Certains des jeunes juifs qui atteignent leur majorité religieuse dépensent l’argent reçu en cadeaux en achetant des bandes-dessinées. D’autres anticipent et économisent pour l’université. Mais Shira Futornick, de Palo Alto en Californie, âgée de 13 ans, a décidé de collecter des fonds pour l’AICAT (Arava International Center for Agricultural Training). 50 000 dollars, pour être précis.

« La vulnérabilité alimentaire est un problème qui a toujours été important pour moi, parce que c’est un problème tellement répandu », a expliqué Futornick au Times of Israël, peu après son arrivée à Ben Gurion, avant de prendre la parole à une remise de diplômes pour agriculteurs.

Ce qui semble être une déclaration précoce dans la bouche d’une jeune fille de 13 ans, n’est pas du tout inhabituel chez les Futornick. Quand on leur demande ce qu’ils ont fait de particulier pour élever des enfants aussi spéciaux, le père de Shira, Bill Futornick, a eu une réponse simple.

« Il suffit de vivre dans la région de la baie de San Francisco », a-t-il dit sèchement.

Malgré la réponse ironique, Futornick a fièrement expliqué que le projet de sa fille s’inscrit dans une initiative de tzedaka pour tous les jeunes bar-mitsva et bat-mitsva de la communauté de Beth Jacob de Redwood City, en Californie.

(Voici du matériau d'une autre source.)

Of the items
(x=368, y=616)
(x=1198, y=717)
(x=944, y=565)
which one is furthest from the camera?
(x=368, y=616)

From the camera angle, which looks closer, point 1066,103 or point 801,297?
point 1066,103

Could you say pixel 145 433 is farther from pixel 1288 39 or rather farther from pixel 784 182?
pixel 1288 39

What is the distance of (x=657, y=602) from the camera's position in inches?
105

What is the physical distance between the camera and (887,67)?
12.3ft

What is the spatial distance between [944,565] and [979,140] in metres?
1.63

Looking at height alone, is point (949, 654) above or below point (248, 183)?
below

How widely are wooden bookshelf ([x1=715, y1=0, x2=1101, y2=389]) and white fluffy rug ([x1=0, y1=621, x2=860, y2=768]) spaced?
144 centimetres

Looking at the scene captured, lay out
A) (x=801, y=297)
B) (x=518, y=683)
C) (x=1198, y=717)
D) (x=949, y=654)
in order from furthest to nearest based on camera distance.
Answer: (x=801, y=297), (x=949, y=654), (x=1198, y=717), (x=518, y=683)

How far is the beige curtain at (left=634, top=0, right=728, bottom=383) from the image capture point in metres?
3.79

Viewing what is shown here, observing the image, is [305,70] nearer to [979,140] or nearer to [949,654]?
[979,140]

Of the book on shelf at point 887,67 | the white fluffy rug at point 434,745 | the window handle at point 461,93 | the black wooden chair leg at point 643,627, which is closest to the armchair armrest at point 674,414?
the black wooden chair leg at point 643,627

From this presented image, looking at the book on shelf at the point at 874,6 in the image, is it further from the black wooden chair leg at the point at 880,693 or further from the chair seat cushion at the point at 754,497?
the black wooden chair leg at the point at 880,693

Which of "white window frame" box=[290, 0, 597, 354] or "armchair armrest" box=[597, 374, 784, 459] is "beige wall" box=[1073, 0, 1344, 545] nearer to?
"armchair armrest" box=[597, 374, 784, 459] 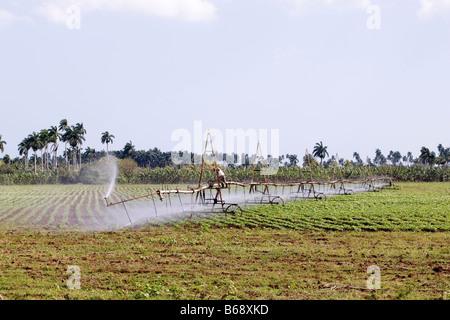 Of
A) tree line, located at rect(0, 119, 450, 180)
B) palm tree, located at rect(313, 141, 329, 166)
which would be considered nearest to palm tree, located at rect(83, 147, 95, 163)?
tree line, located at rect(0, 119, 450, 180)

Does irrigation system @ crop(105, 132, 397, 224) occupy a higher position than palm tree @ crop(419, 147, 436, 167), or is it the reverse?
palm tree @ crop(419, 147, 436, 167)

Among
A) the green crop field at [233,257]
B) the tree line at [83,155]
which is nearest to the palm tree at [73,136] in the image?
the tree line at [83,155]

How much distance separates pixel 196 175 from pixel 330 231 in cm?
4766

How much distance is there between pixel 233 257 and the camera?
37.8ft

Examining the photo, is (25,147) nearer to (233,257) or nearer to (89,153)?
(89,153)

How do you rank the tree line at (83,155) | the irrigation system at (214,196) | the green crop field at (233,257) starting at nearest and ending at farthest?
the green crop field at (233,257) < the irrigation system at (214,196) < the tree line at (83,155)

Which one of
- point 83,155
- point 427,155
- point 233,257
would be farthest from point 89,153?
point 233,257

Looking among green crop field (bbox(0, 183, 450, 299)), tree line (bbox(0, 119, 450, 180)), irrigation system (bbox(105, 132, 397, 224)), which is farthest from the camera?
tree line (bbox(0, 119, 450, 180))

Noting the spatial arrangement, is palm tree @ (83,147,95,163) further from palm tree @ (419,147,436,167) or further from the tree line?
palm tree @ (419,147,436,167)

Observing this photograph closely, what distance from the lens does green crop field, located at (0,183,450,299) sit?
8.20 m

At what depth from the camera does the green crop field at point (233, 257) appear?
820 centimetres

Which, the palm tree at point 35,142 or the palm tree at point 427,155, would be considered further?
the palm tree at point 427,155

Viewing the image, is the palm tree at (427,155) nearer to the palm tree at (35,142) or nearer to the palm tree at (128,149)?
the palm tree at (128,149) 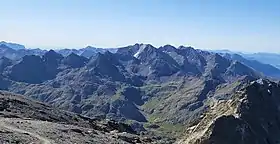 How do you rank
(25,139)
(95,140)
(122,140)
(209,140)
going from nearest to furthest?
(25,139) → (209,140) → (95,140) → (122,140)

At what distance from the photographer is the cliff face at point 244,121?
2330 inches

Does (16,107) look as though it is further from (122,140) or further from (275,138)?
(275,138)

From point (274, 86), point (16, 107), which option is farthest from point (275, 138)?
point (16, 107)

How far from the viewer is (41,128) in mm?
64625

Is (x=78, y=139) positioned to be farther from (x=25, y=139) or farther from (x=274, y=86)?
(x=274, y=86)

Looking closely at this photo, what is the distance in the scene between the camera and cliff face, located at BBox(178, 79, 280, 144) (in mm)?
59188

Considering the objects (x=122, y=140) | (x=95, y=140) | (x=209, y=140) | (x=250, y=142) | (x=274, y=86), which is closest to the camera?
(x=209, y=140)

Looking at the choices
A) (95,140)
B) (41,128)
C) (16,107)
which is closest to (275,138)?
(95,140)

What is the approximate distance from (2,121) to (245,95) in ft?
135

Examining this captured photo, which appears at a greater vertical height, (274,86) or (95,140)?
(274,86)

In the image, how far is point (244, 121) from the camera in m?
64.6

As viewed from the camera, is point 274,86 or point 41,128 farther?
point 274,86

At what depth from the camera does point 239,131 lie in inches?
2411

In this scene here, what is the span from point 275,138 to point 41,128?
37878 millimetres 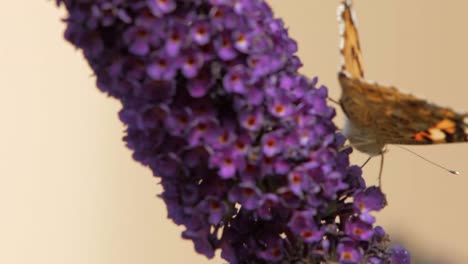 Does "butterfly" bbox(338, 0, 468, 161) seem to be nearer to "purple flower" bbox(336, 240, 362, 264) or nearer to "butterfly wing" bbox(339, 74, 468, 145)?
"butterfly wing" bbox(339, 74, 468, 145)

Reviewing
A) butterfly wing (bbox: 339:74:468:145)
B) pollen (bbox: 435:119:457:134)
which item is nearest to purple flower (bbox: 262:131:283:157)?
butterfly wing (bbox: 339:74:468:145)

Bill Futornick attribue le mérite au rabbin Nethaniel Ezray, dirigeant de la communauté, qui a aidé les très jeunes adultes juifs à placer au premier plan les actes de bonté. Ezray, dit-il, propose une tribune non-partisane, depuis laquelle la communauté entière, indépendamment de leurs tendances politiques, peuvent soutenir Israël, une autre valeur importante pour les Futornick.

Il a ajouté que sa communauté n’est pas la seule de San Francisco à tenter de faire une différence.

Des étudiants au travail à l'institut Arava (Autorisation)

Des étudiants au travail à l’institut Arava (Autorisation)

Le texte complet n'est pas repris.